In [None]:
# installing the main libraries
!pip install pandas tqdm kaggle transformers torch --quiet

In [None]:
# Import all libraries
import os
import pandas as pd
from tqdm import tqdm
from transformers import pipeline
import re
import nltk
nltk.download('punkt')
nltk.download('punkt_tab')

from nltk.tokenize import sent_tokenize
from transformers import pipeline

[nltk_data] Downloading package punkt to /root/nltk_data...
[nltk_data]   Package punkt is already up-to-date!
[nltk_data] Downloading package punkt_tab to /root/nltk_data...
[nltk_data]   Unzipping tokenizers/punkt_tab.zip.


In [None]:
# move kaggle.json to the correct folder
!mkdir -p ~/.kaggle
!cp kaggle.json ~/.kaggle/
!chmod 600 ~/.kaggle/kaggle.json

In [None]:
# Download the bank customer complaint dataset
!kaggle datasets download -d adhamelkomy/bank-customer-complaint-analysis

Dataset URL: https://www.kaggle.com/datasets/adhamelkomy/bank-customer-complaint-analysis
License(s): CC0-1.0
Downloading bank-customer-complaint-analysis.zip to /content
  0% 0.00/20.0M [00:00<?, ?B/s]
100% 20.0M/20.0M [00:00<00:00, 286MB/s]


In [None]:
#unzipping the dataset
!unzip bank-customer-complaint-analysis.zip

Archive:  bank-customer-complaint-analysis.zip
  inflating: Bank Customer Complaint Analysis for Efficient Dispute Resolution.ipynb  
  inflating: complaints.csv          
  inflating: complaints_report_20240226_183305.txt  
  inflating: final_dataframe (1).csv  


In [None]:
# Load and clean data

df = pd.read_csv('/content/complaints.csv')
print(df.columns)

df.rename(columns={'narrative': 'complaint_text'}, inplace=True)

# Drop missing complaints
df = df.dropna(subset=['complaint_text'])
print("Total complaints:", len(df))

df.head(3)


Index(['Unnamed: 0', 'product', 'narrative'], dtype='object')
Total complaints: 162411


Unnamed: 0.1,Unnamed: 0,product,complaint_text
0,0,credit_card,purchase order day shipping amount receive pro...
1,1,credit_card,forwarded message date tue subject please inve...
2,2,retail_banking,forwarded message cc sent friday pdt subject f...


In [None]:
# Clean and shorten complaint text before sending it to the summarizer

def clean_and_shorten(text):
    text = str(text).lower()
    text = re.sub(r"http\S+", "", text)
    text = re.sub(r"[^a-zA-Z0-9\s.,!?]", " ", text)
    text = re.sub(r"\b(\w+)( \1\b)+", r"\1", text)
    text = re.sub(r"\s+", " ", text).strip()

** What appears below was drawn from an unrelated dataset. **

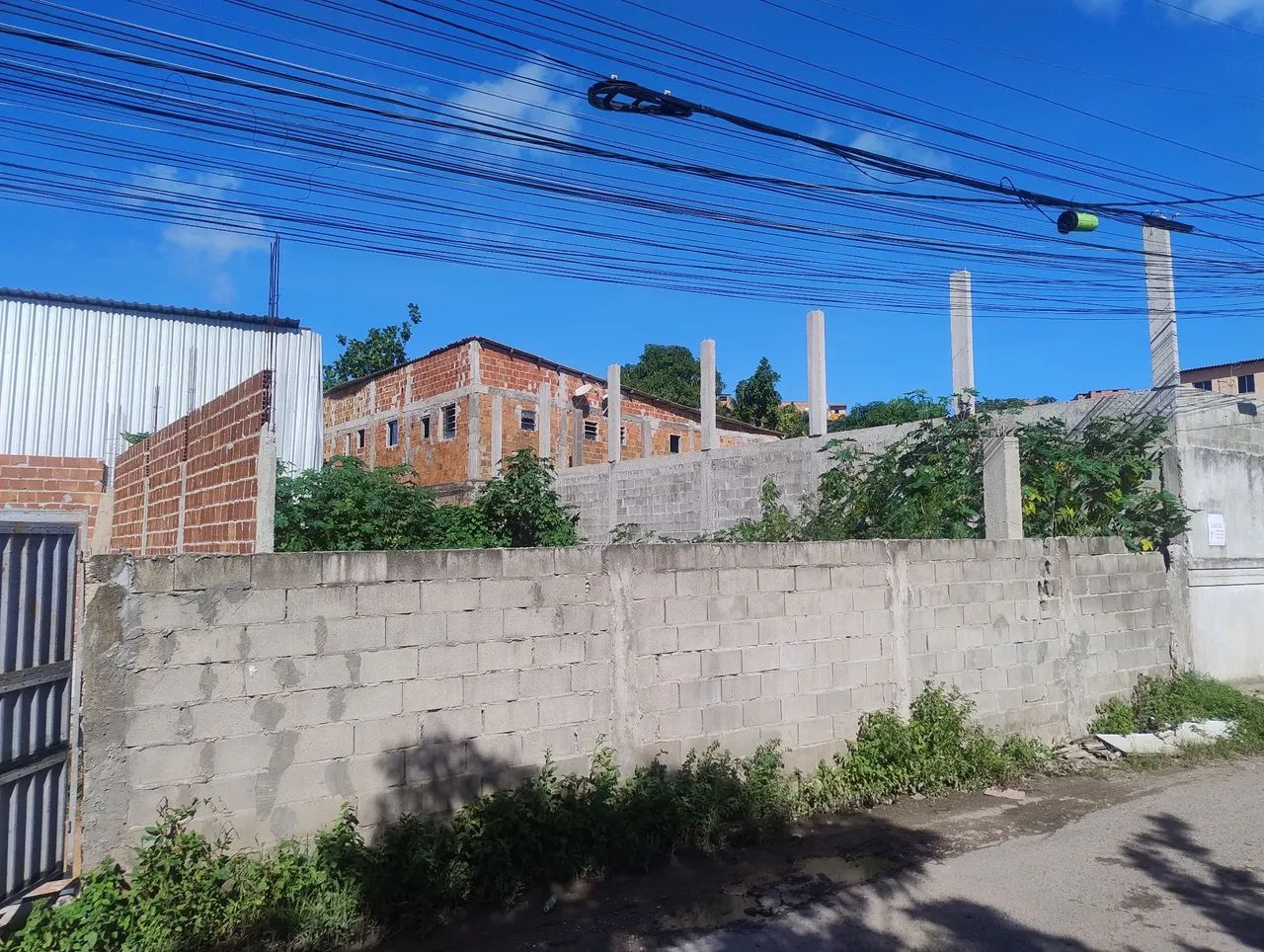 Foto - Salvador - Jardim das Margaridas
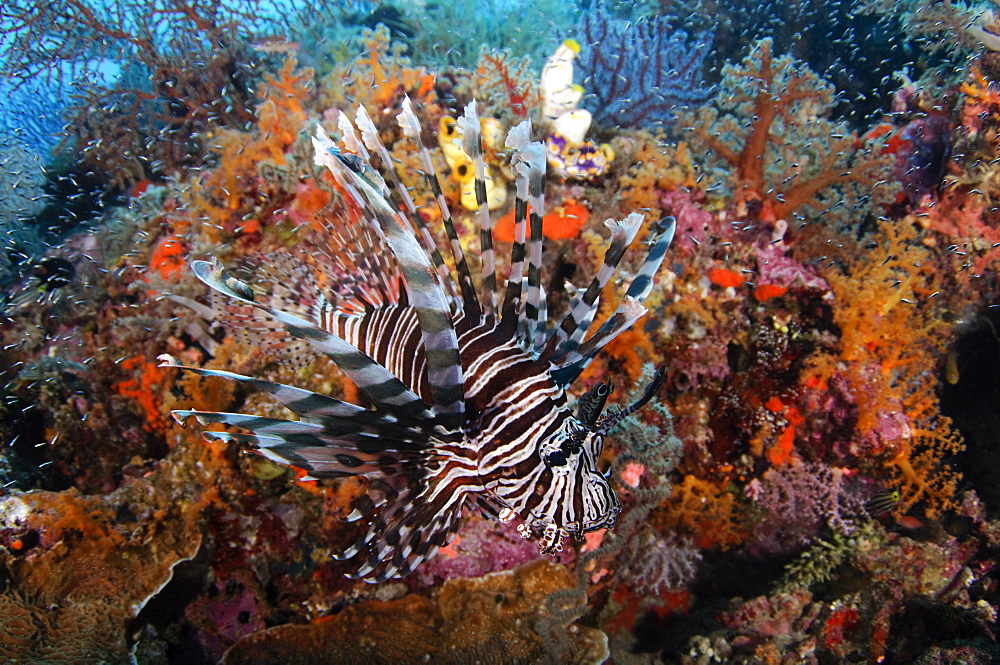 Lionfish and Soft Corals, Raja Ampat  Indonesia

    # split into sentences and keep only the first few
    sentences = sent_tokenize(text)
    text = " ".join(sentences[:4])
    return text

In [None]:
# Load the summarization model from Hugging Face

summarizer = pipeline("summarization", model="philschmid/bart-large-cnn-samsum", device_map="auto")


The secret `HF_TOKEN` does not exist in your Colab secrets.
To authenticate with the Hugging Face Hub, create a token in your settings tab (https://huggingface.co/settings/tokens), set it as secret in your Google Colab and restart your session.
You will be able to reuse this secret in all of your notebooks.
Please note that authentication is recommended but still optional to access public models or datasets.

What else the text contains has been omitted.